Leave out all images and set down the records exactly as given.
[[ Exercise input, beginning ]]
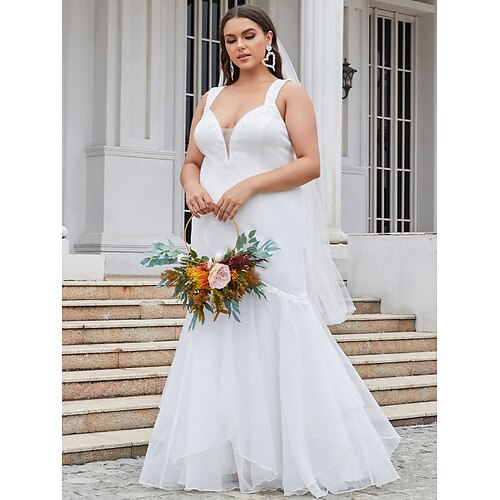 Mermaid / Trumpet Wedding Dresses V Neck Floor Length Chiffon Lace Tulle Sleeveless Romantic Casual with Lace Pick Up Skirt Pleats 2022
Mermaid / Trumpet Wedding Dresses V Neck Floor Length Chiffon Lace Tulle Sleeveless Romantic Casual with Lace Pick Up Skirt Pleats 2022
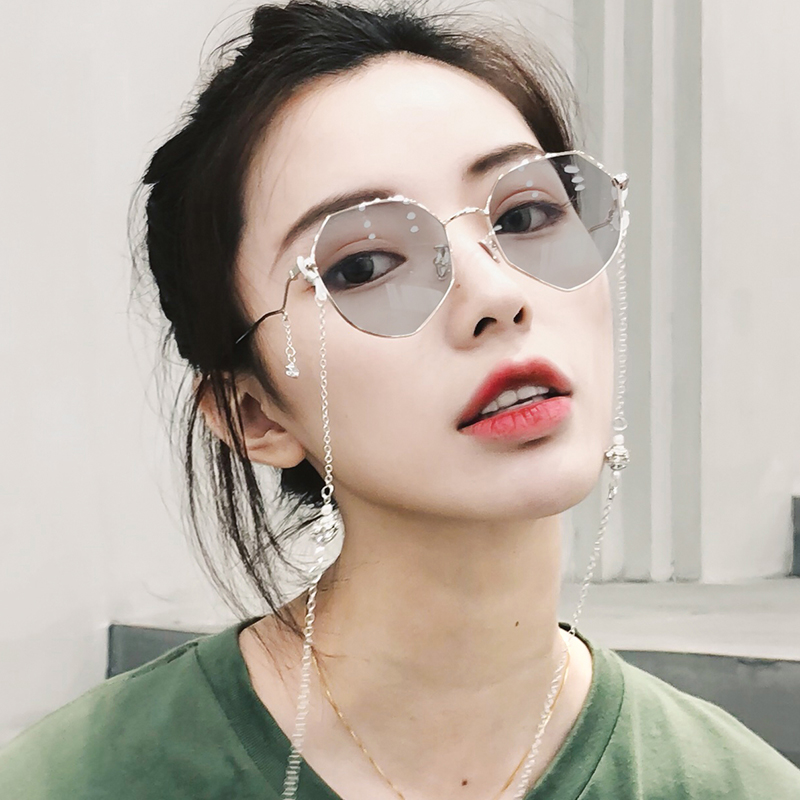 Greens Personality Discoloration Sunglasses Lady Round Face Display Slim Large Frame With Chain Polarized Sun Eye Tide Anti UV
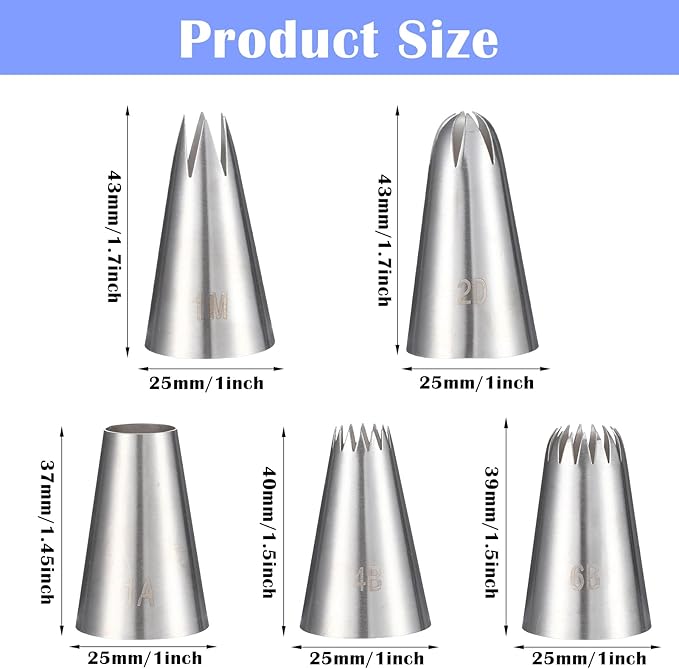 5 Pcs Cake Piping Tips, 1M 4B 6B 2D 1A frosting tips Stainless Steel Cakes Decorating Tip Set Large Piping Nozzles Baking Tools for Buttercream Icing Birthday Cake Cupcake DIY Art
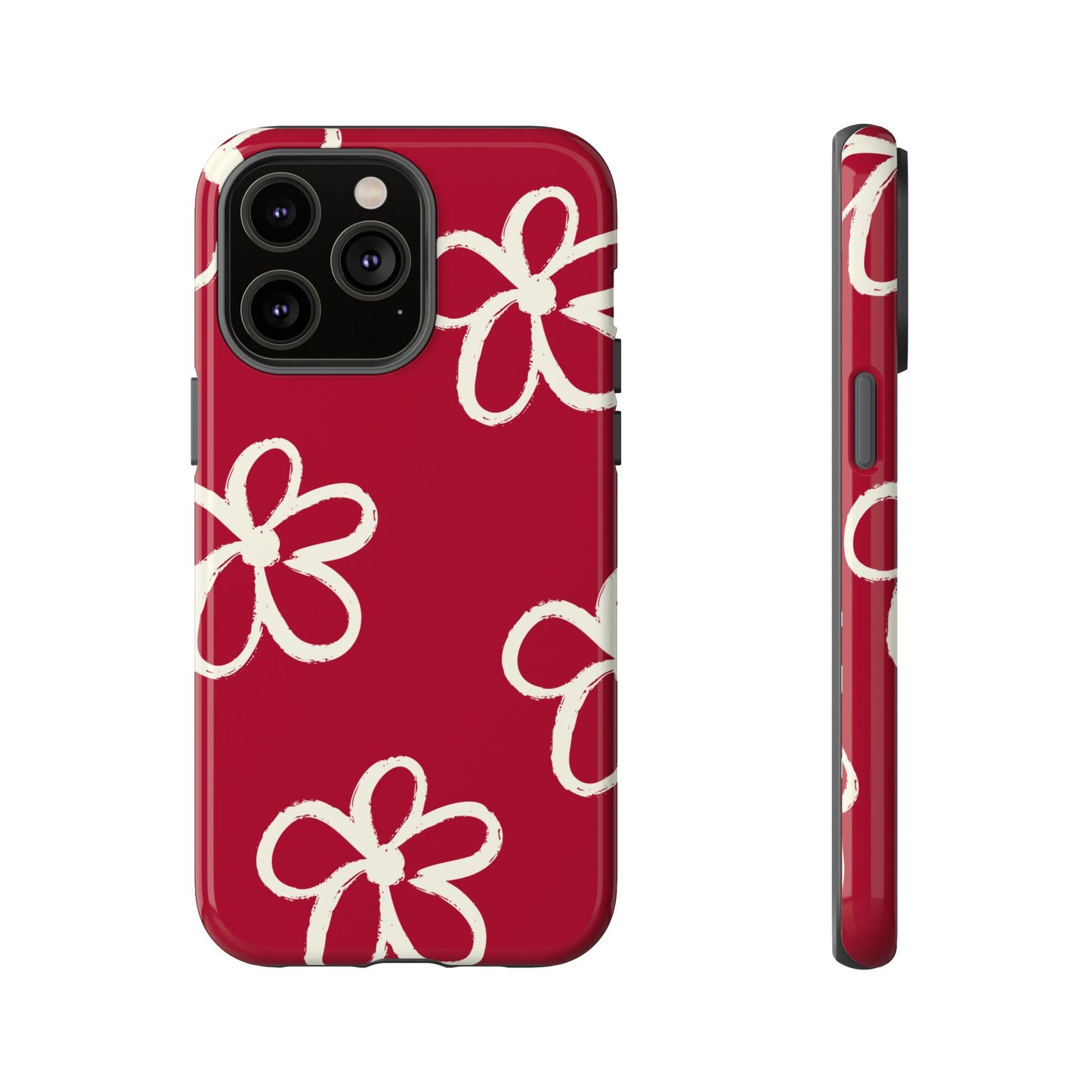 Red Floral Tough Phone Case — Hand-Drawn White Flowers on Burgundy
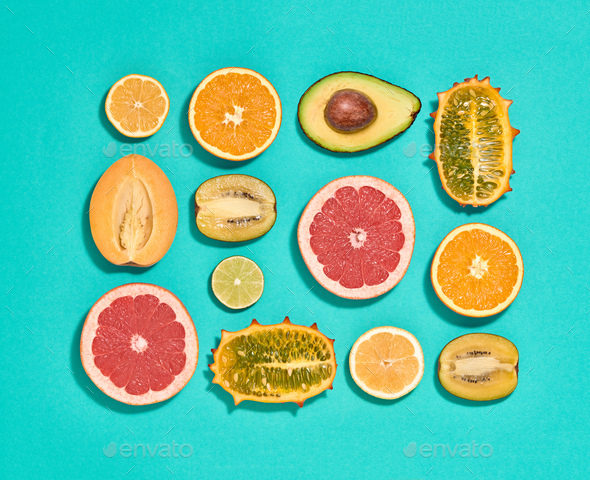 Tropical Fruits Vegan Set. Organic Food Concept - Stock Photo - Images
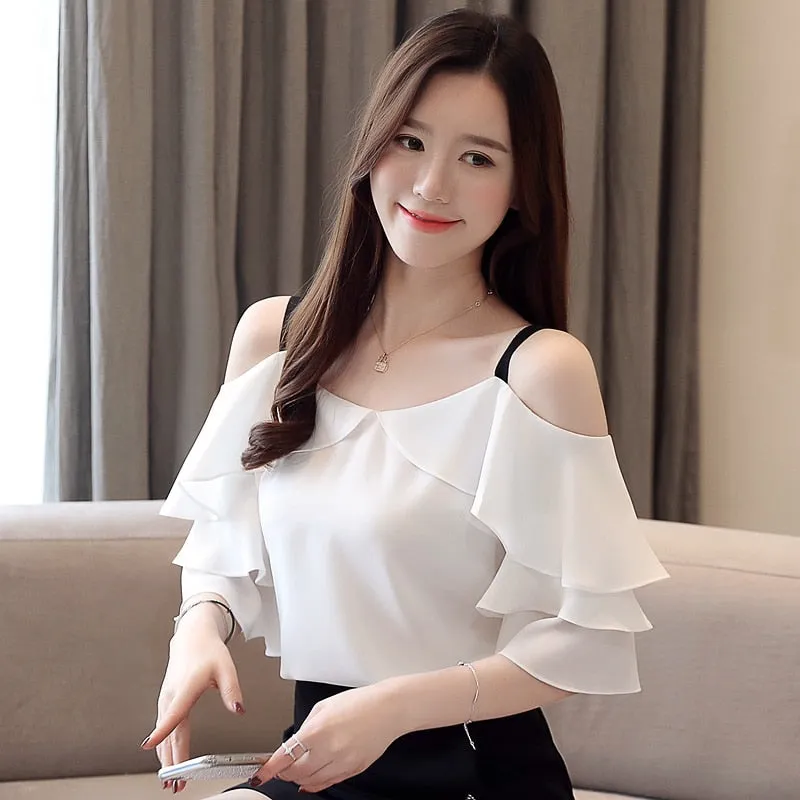 Trendy White Chiffon Blouse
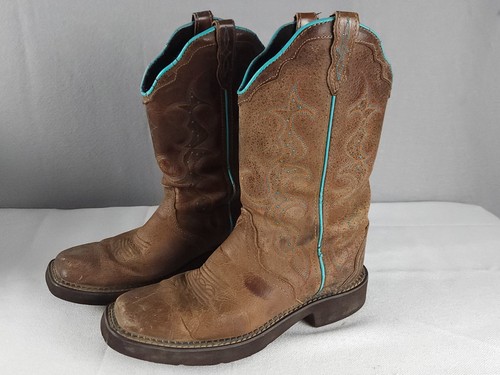 Justin Gypsy L2900 Brown Turquoise Leather Western Cowboy Boots Womens Size 8.5B - Picture 2 of 14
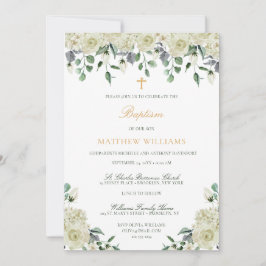 Invitación al bautismo floral verde de oro blanco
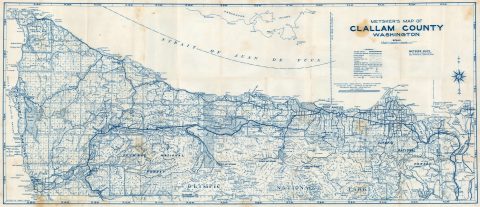 1970 Metsker Map of Clallam County, Washington (Olympic Peninsula)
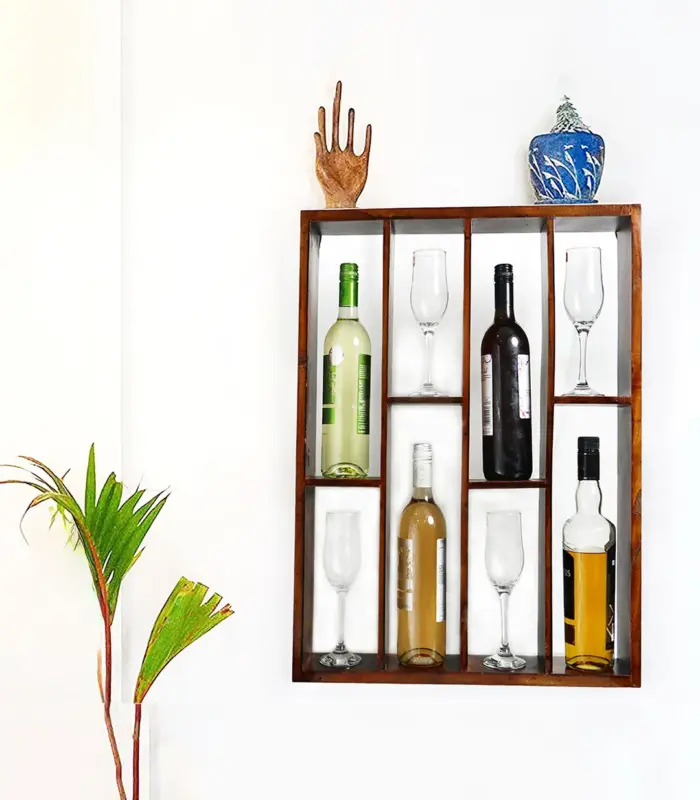 Tavish Mango Wood Wine Rack and Glass holder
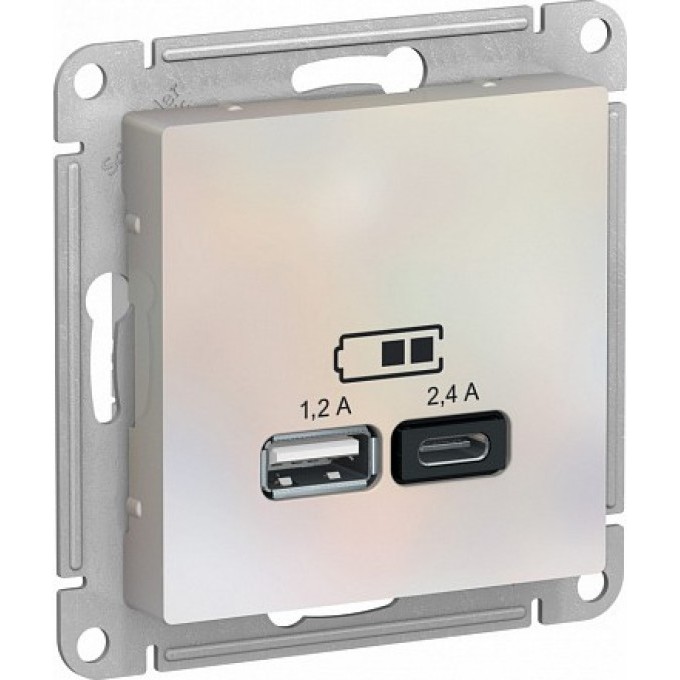 USB Розетка SCHNEIDER ELECTRIC ATLASDESIGN тип A+C 5В/2.4А 2х5В/1.2А механизм, жемчужный ATN000439 USB Розетка SCHNEIDER ELECTRIC ATLASDESIGN тип A+C 5В/2.4А 2х5В/1.2А механизм, жемчужный ATN000439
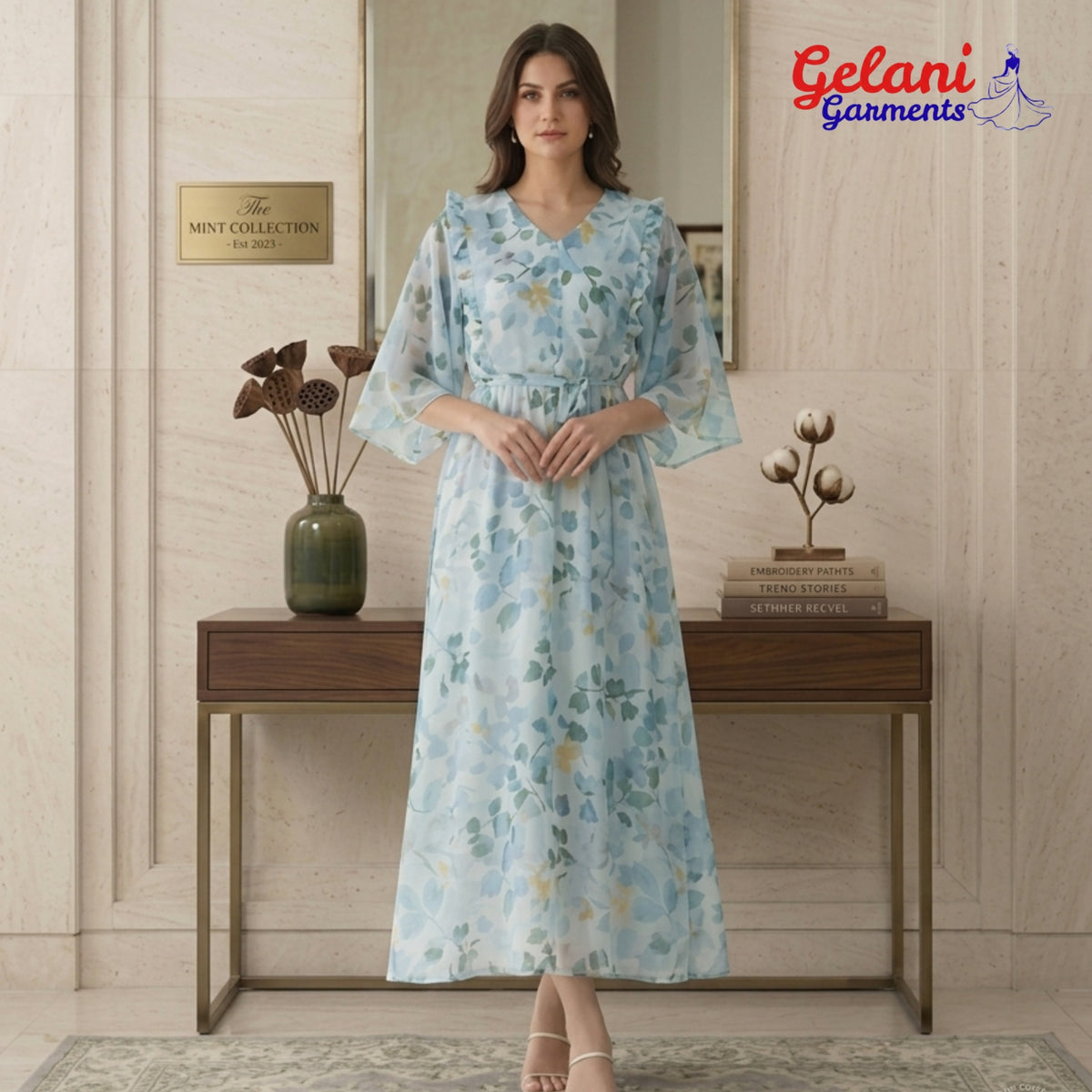 Printed Shiffon Maxi for Girls in Pakistan | Gelani Blue
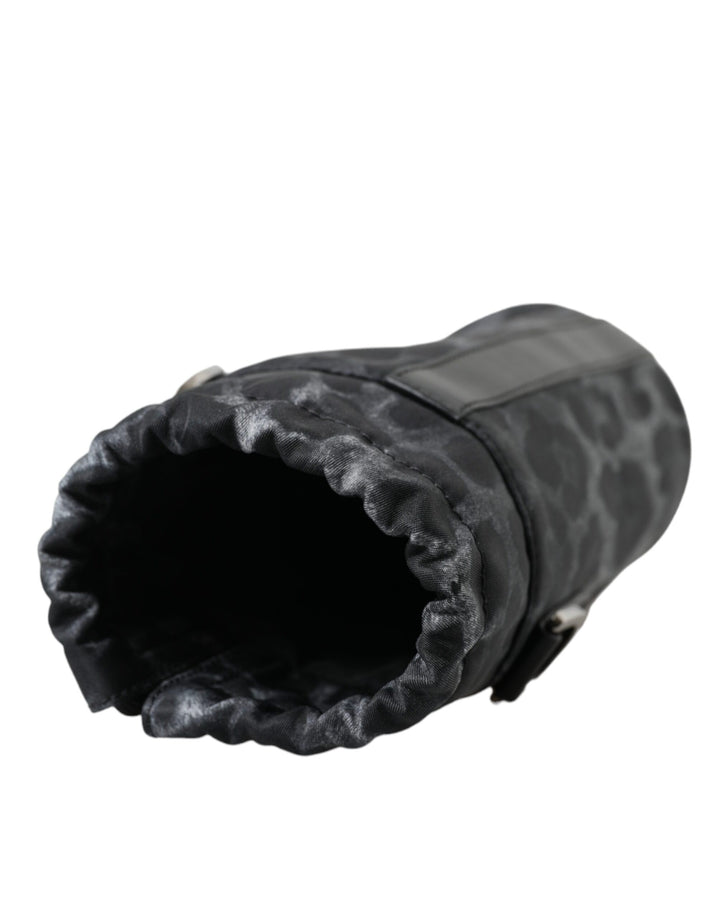 Dolce &amp; Gabbana Black Leopard Round Slim Tote Bottle Cage Bag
[[ Exercise input, end ]]
• [Exercise output]
 Mermaid / Trumpet Wedding Dresses V Neck Floor Length Chiffon Lace Tulle Sleeveless Romantic Casual with Lace Pick Up Skirt Pleats 2022
Mermaid / Trumpet Wedding Dresses V Neck Floor Length Chiffon Lace Tulle Sleeveless Romantic Casual with Lace Pick Up Skirt Pleats 2022
 Greens Personality Discoloration Sunglasses Lady Round Face Display Slim Large Frame With Chain Polarized Sun Eye Tide Anti UV
 5 Pcs Cake Piping Tips, 1M 4B 6B 2D 1A frosting tips Stainless Steel Cakes Decorating Tip Set Large Piping Nozzles Baking Tools for Buttercream Icing Birthday Cake Cupcake DIY Art
 Red Floral Tough Phone Case — Hand-Drawn White Flowers on Burgundy
 Tropical Fruits Vegan Set. Organic Food Concept - Stock Photo - Images
 Trendy White Chiffon Blouse
 Justin Gypsy L2900 Brown Turquoise Leather Western Cowboy Boots Womens Size 8.5B - Picture 2 of 14
 Invitación al bautismo floral verde de oro blanco
 1970 Metsker Map of Clallam County, Washington (Olympic Peninsula)
 Tavish Mango Wood Wine Rack and Glass holder
 USB Розетка SCHNEIDER ELECTRIC ATLASDESIGN тип A+C 5В/2.4А 2х5В/1.2А механизм, жемчужный ATN000439 USB Розетка SCHNEIDER ELECTRIC ATLASDESIGN тип A+C 5В/2.4А 2х5В/1.2А механизм, жемчужный ATN000439
 Printed Shiffon Maxi for Girls in Pakistan | Gelani Blue
 Dolce &amp; Gabbana Black Leopard Round Slim Tote Bottle Cage Bag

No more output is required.